The expert recommended moving to a three-node cluster to fully leverage the benefits of quorum-based replication. In a three-node setup, the primary can wait for acknowledgment from any one replica, ensuring both durability and high availability, even if one replica becomes unavailable.

The proposed configuration for a three-node cluster includes:

  • Setting synchronous_commit to remote_write, which provides a good balance between performance and durability.
  • Using synchronous_standby_names set to ANY 1 (*), allowing Patroni to dynamically manage the list of eligible replicas.
  • Enabling synchronous mode in Patroni, with synchronous_mode_strict set to false, which ensures that write operations are not permanently blocked if a replica is temporarily unavailable.

For the client’s current two-node setup, the expert confirmed that the same configuration is technically possible, but with some limitations. In particular, if the replica goes down, the primary node will block writes unless the synchronous_mode_strict parameter is disabled, which allows the system to temporarily fall back to asynchronous replication.

The expert emphasized that while this configuration improves data durability compared to pure asynchronous replication, it does not provide full fault tolerance in a two-node setup. The system would still be vulnerable if the replica becomes unavailable for an extended period.

Step 4 – Latency Impact Clarification

After the client specifically requested a latency estimate for each synchronous_commit setting, the expert provided a detailed written assessment.

Asynchronous replication (off) introduces virtually no additional latency but carries a high risk of data loss if the primary crashes.

The remote_write option introduces approximately one to five milliseconds of additional latency and is considered a good compromise between performance and durability.

Using on or remote_apply would introduce significantly more latency, typically ranging from five to twenty milliseconds, and could negatively impact performance-sensitive applications like online charging and billing systems.

The expert confirmed that the recommended remote_write setting provides sufficient protection against OS crashes while maintaining a minimal impact on performance.

Solution:

The expert recommended the following configuration:

  • Set synchronous_commit to remote_write.
  • Use synchronous_standby_names as ANY 1 (*).
  • Enable synchronous_mode in Patroni.
  • Set synchronous_mode_strict to false to prevent write blockage if the replica is temporarily unavailable.
  • Use use_pg_rewind: true for faster failover recovery.

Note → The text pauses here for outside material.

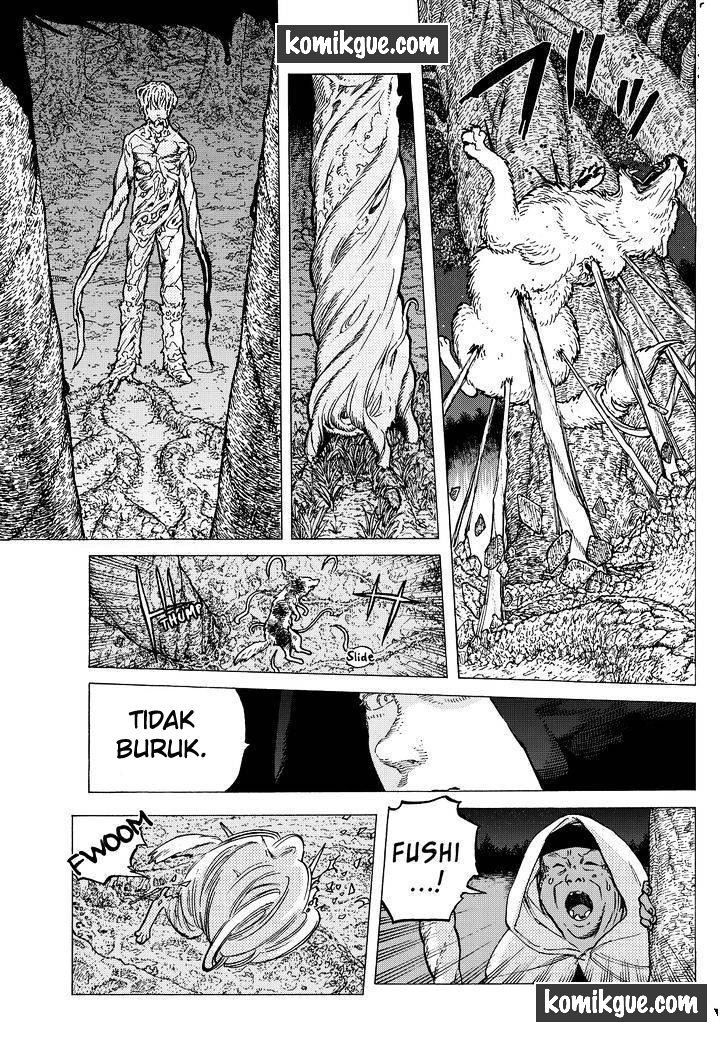 Fumetsu no Anata e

This setup improves durability in the event of operating system crashes while introducing only minimal latency, typically around one to five milliseconds.

The configuration also supports fallback to asynchronous replication when necessary, which is crucial for maintaining write availability in the event that the replica becomes temporarily unreachable.

Conclusion:

The expert confirmed that quorum-based semi-synchronous replication can be successfully implemented in PostgreSQL 15 with Patroni clusters to improve data durability while maintaining acceptable performance levels.

The most reliable and resilient configuration would require scaling the cluster to three nodes. However, even within the existing two-node setup, significant durability improvements can be achieved by using the recommended remote_write configuration with fallback options.

The client was provided with clear, detailed information about the trade-offs of each replication mode and the estimated latency impacts, allowing them to make an informed decision that balances system performance with data protection requirements.

This collaborative process ensured that the client’s system remains both high-performing and resilient, aligned with the operational demands of their critical online charging and billing infrastructure.